Design/methodology/approach
To achieve the aim of this study, doctrinal legal analysis was adopted. Although the subject is multidisciplinary, the aspect of enforcement in cross-jurisdictional transactions from legislative analysis does not require a technical method to be analysed, hence the adoption of this method. Where relevant legal academic journal articles were sourced and analysed along different legislative frameworks in some jurisdictions under review. To determine the legality of smart contracts, applicable law and court with jurisdiction to enforce blockchain smart contract disputes.
Findings
It was discovered that there remain fundamental questions regarding jurisdiction, applicable law and enforcement. Due to the problem of a uniform legislation to manage smart contract transactions.
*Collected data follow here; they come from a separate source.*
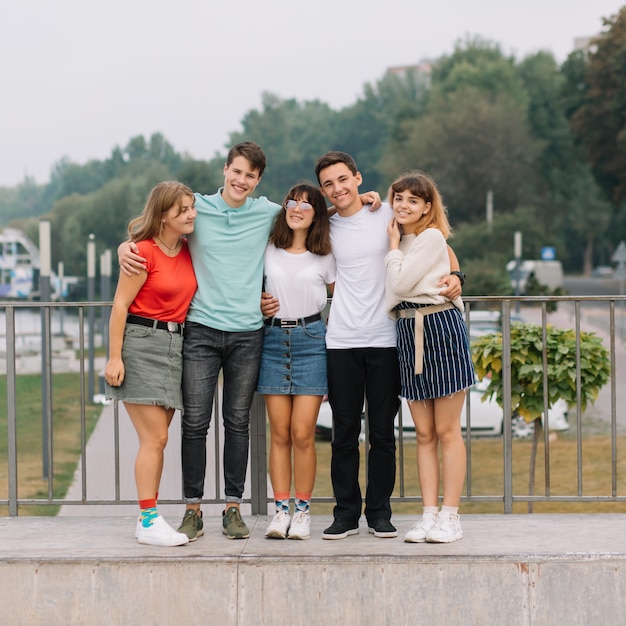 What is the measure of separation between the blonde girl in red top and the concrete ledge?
298 mm

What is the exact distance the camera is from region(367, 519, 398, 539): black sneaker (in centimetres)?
515

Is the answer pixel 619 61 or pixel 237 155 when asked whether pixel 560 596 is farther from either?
pixel 619 61

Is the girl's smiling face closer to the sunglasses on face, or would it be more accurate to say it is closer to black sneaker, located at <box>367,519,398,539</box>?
the sunglasses on face

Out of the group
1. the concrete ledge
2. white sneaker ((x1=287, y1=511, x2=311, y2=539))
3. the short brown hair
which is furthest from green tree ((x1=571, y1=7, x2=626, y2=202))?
the concrete ledge

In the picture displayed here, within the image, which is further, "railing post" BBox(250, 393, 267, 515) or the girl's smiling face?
"railing post" BBox(250, 393, 267, 515)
Research limitations/implications
This study limits itself to the legality of smart contracts within a conflict of laws, and it propels the need for either a choice of domestic legislation for parties to be bound or the adoption of a universal legal framework for all smart contract formation through an international treaty or convention that has a binding effect on contracting parties to a smart contract.
Originality/value
This study highlights the fact that the key elements of smart contracts within traditional contract requirements as provided in domestic legislation vary across jurisdictions. This variation results not only in conflict of law but also affects enforcement in cases of dispute in the contractual terms.